I think we were all finally up around 10am the next morning, refreshed, showered and dressed. We decided that today would be a relax and recover day, and went into the office to speak with Derrick. Derrick was flabbergasted that someone would steal the pull-out couch mattress, and offered to find another for us. In the meantime, though, he mentioned that he had an upstairs suite in the main house that wasn't being rented all week. Would we like to use that? Jason and I said sure, we could do that, and the matter was closed. We moved our stuff up to the third floor (second floor in Ireland) suite, which was a large efficiency-style room with two beds, a living area, a small kitchenette, and a bathroom. That way mom and dad each had their own room, and we had our own suite. Everyone was happy!

Especially me, as Derrick allowed us to use the extra room at absolutely no extra charge. What service!

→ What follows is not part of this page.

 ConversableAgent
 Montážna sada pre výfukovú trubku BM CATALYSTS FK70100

Derrick told us that today was a big match in Kilkenny, evidently the National Hurling Championship, in which the Kilkenny team was playing. He said this was on the north end of town, and we should avoid the area if we wanted to avoid crowds. He mentioned that Carol's, a bar/hotel just in Knocktopher, served breakfast, and we decided that this would be a wonderful thing.

So we went into town (walking distance from our room) and had our first Full Irish Breakfast. This consists of fried eggs, ham (called bacon), very bland sausages, a grilled tomato half, black pudding and white pudding (boiled grain dishes, much tastier and spicier than the sausage), toast, tea and coffee. Not exactly the healthiest breakfast if you are watching your cholesterol, but definitely filling and satisfying.

We decided to go into the next town over (Thomastown) and look for a grocery store, so we wouldn't have to eat out if we didn't feel like it, and perhaps cook our own breakfast. Certainly snacks and drinks were required. Why have a suite with a kitchen if you're not going to use it? So into town we went, which was about 8 kilometers away. Knocktopher had a very small grocery, but it had no fresh food; my bedroom is bigger than that grocery store was! We got some shampoo (I had left mine at home) and some drinks, and went on to the bigger town.

Thomastown wasn't exactly large, although it did have several pubs, and a regular grocery store tucked in behind a church. It also had the smallest, twisting, hilly streets I've seen within a town, especially on the main street.

We found the grocery in Thomastown by accident, parked in the 10-car parking lot, and went on in; such strange things for sale! First of all, we were assaulted by a Louie-the-Lizard balloon for Budweiser -- not exactly what you would think coming into an Irish Grocery. We found a fresh made pizza on sale: with corn and tomatoes on it, but no tomato sauce. We found some chicken, some rice dishes, some soda, some bread and lunchmeat, chocolate and miscellaneous items and went to check out. We found out that you needed to buy your own bags at the dispenser in the back of the store, too.

Back at the cabin we put our groceries away and relaxed a bit, had some sandwiches for lunch, and relaxed watching television. We still weren't quite recovered from the trip over and the jet lag, so we discovered what Irish television was like. Mostly old movies and SKY news; we did get into an episode of Agatha Christie mysteries, mom recognized the story and Miss Marple. It had a very young version of the actor that plays Lionel in the current Britcom As Time Goes By.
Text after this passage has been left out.